Conserved Glu-47 and Lys-50 residues are critical for UDP-N-acetylglucosamine/UMP antiport activity of the mouse Golgi-associated transporter Slc35a3

M Agustina Toscanini, M Belen Favarolo, F Luis Gonzalez Flecha, Berit Ebert, Carsten Rautengarten, Luis M Bredeston

JOURNAL OF BIOLOGICAL CHEMISTRY | AMER SOC BIOCHEMISTRY MOLECULAR BIOLOGY INC | Published : 2019

Abstract

Nucleotide sugar transporters (NSTs) regulate the flux of activated sugars from the cytosol into the lumen of the Golgi apparatus where glycosyltransferases use them for the modification of proteins, lipids, and proteoglycans.

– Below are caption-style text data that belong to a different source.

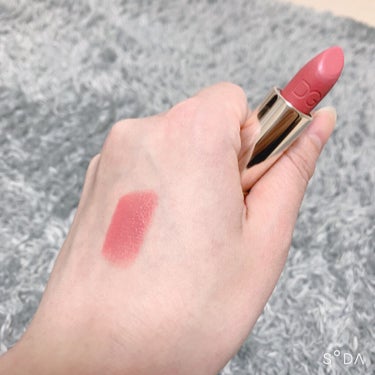 ザ・オンリーワン ルミナスカラー リップスティック 140/DOLCE&GABBANA BEAUTY/口紅を使ったクチコミ（2枚目）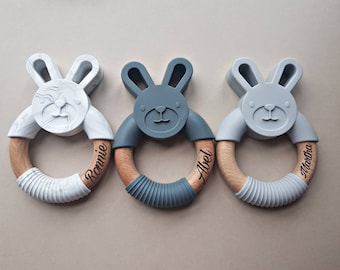 personalised baby teethers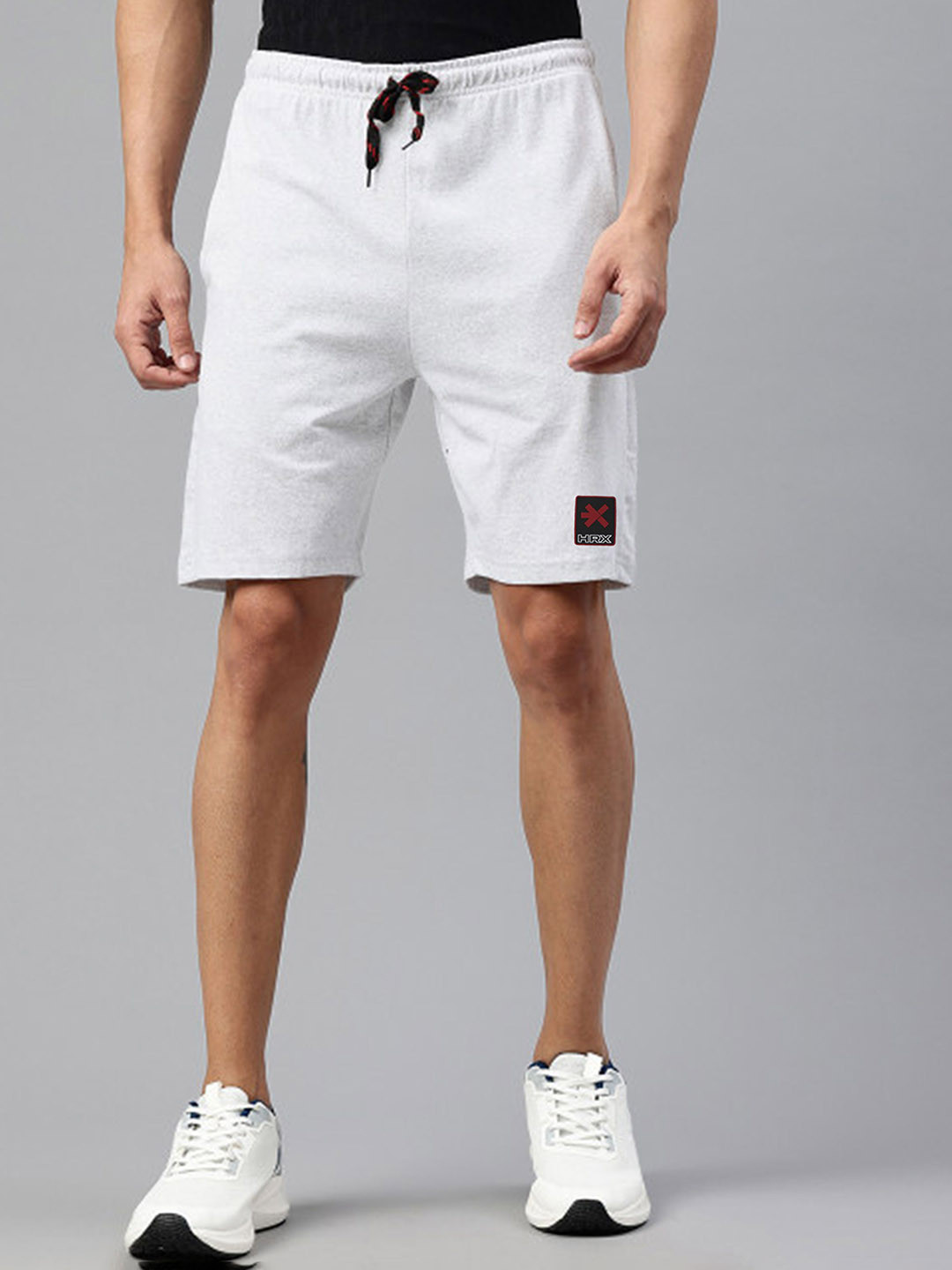 HRX by Hrithik Roshan HRX SHORTS Regular Fit Mid-Rise Cotton Short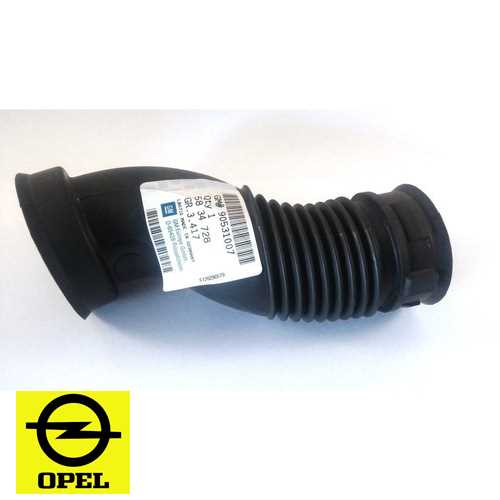 HAVA FILTRE GIRIS BORUSU  Z14XEP Z16XEP Z16XER A16XER ASTRA G ASTRA H ZAFIRA B 04- Ürün Görseli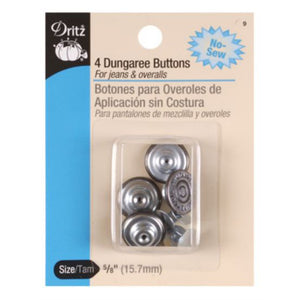 Buttons for jeans and overalls.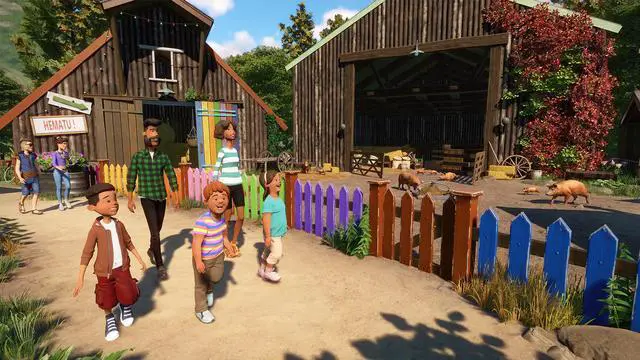 Alt view image 7 of 11 - Planet Zoo: Barnyard Animal Pack - PC [Steam Online Game Code]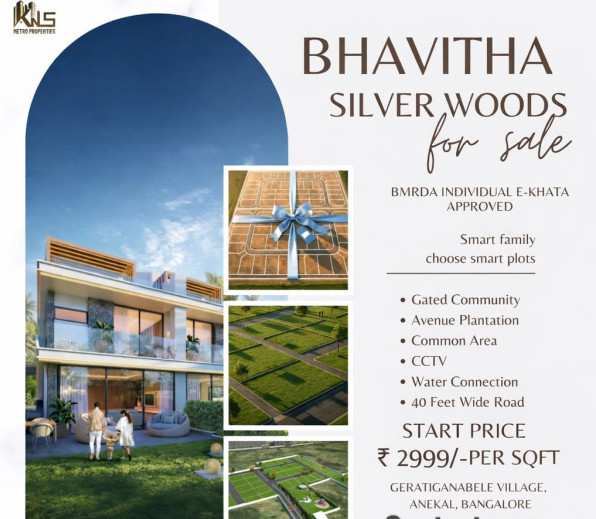  1200 Sq.ft. Residential Plot for Sale in Hosur Road, Bangalore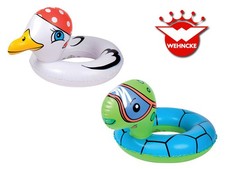 Bouée gonflable CRABE ou TORTUE pour enfant et piscine mer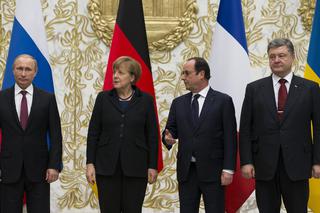 Porozumienie w Mińsku. Szczegóły ustaleń Putina z przywódcami Ukrainy, Niemiec i Francji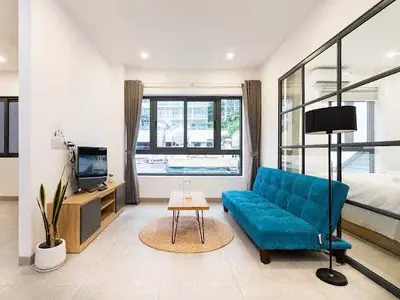 1 寝室 · アパート · ホーチミン市 (Ho Chi Minh City), District 2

It has been well-established that NSTs are antiporters that exchange nucleotide sugars with the respective nucleoside monophosphate. Nevertheless, information about the molecular basis of ligand recognition and transport is scarce. Here, using topology predictors, cysteine-scanning mutagenesis, expression of GFP-tagged protein variants, and phenotypic complementation of the yeast strain Kl3, we identified residues involved in the activity of a mouse UDP-GlcNAc transpor..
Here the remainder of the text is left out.